How many shares to co-founder who helped develop the idea?

by foosheen. Posted on Sep 12, 2020    2    11

I'll try to keep it as short as I can, but the situation is as follows:

Two others and I have come up with a business idea, researched it, and really solidified the entire concept. The problem is that we're dealing with something that requires a lot of capital to even deliver a minimum viable product, so we need to find investors. Nonetheless, there's a ton of work that can be done before funding is even there. As such, two of us have decided not to seek for a full-time job (we just graduated) and put 100% in making this work. The third partner, however, has been working for a few years now, and he has made clear that he won't quit his job. That is the case for both pre-funding and post-funding, as we don't see the need for three people running the business in its initial form. This has led to a discussion (initiated by the two of us committing 100% now and later) as to how much the third party is really worth. He agrees that it's only fair that he receives less shares of the company when it is founded. Our problem right now is: How many shares does this person really earn?

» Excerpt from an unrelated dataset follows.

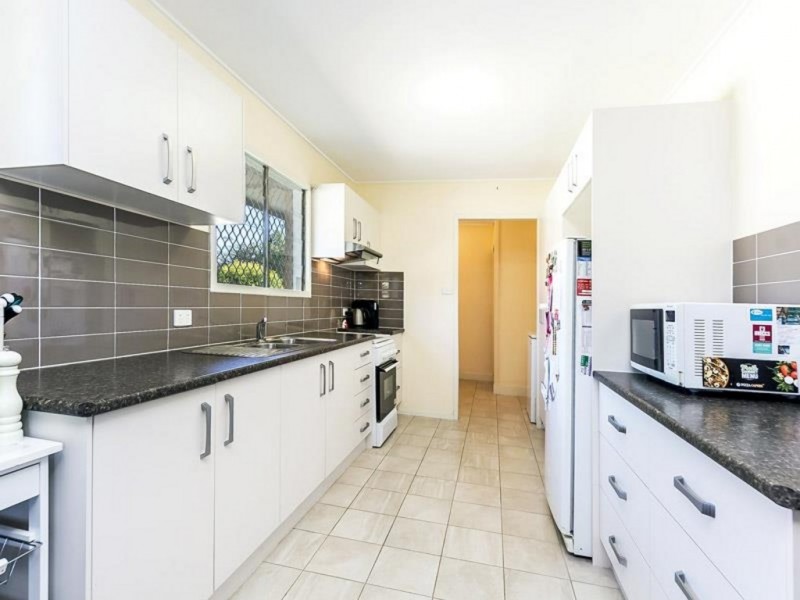 6 Brown St, Lawnton QLD 4501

Some extra considerations:

  • The third person has definitely added value in the initial phase of developing the idea;
  • A lot of work has been put in the pitch, for which the third person only provided comments;
  • We have met for 2 hours a week (at best) to discuss the progress made on the pitch mostly;
  • The two of us will be working full-time on the project until we receive funding (or until our personal deadline passes, as we can't be in this phase forever).

We're a bit in a pickle here, because we're friends, and we do see it as our creation. Nonetheless, we have trouble with having a future shareholder that does nothing and isn't even willing to fund the company according to whatever shares he has (albeit with a discount, so to speak). The advantage is that nothing has been agreed on contractually, so at the end of the day the two of us can do whatever we want. However, we want to do the right thing.

You might think that we have nothing to show for yet (i.e. no product), so that this is not a conversation worth having. But we're determined and are putting in our heart and soul. The last thing we want is to have these discussions when real money is on the table. We want things sorted (on paper) before it gets to that point.

Sorry for the long post, but I felt that I had to try the best I can to explain the important details.

Thank you in advance.


deepneuralnetwork 1

Ideas are worthless. Execution is the only thing that matters. Maybe give him 0.05% as a gesture, but IMO, even that is too much.

rpcleary 1

4 year vesting, 1 year cliff should be your terms of engagement. Protects everyone from any freeloaders.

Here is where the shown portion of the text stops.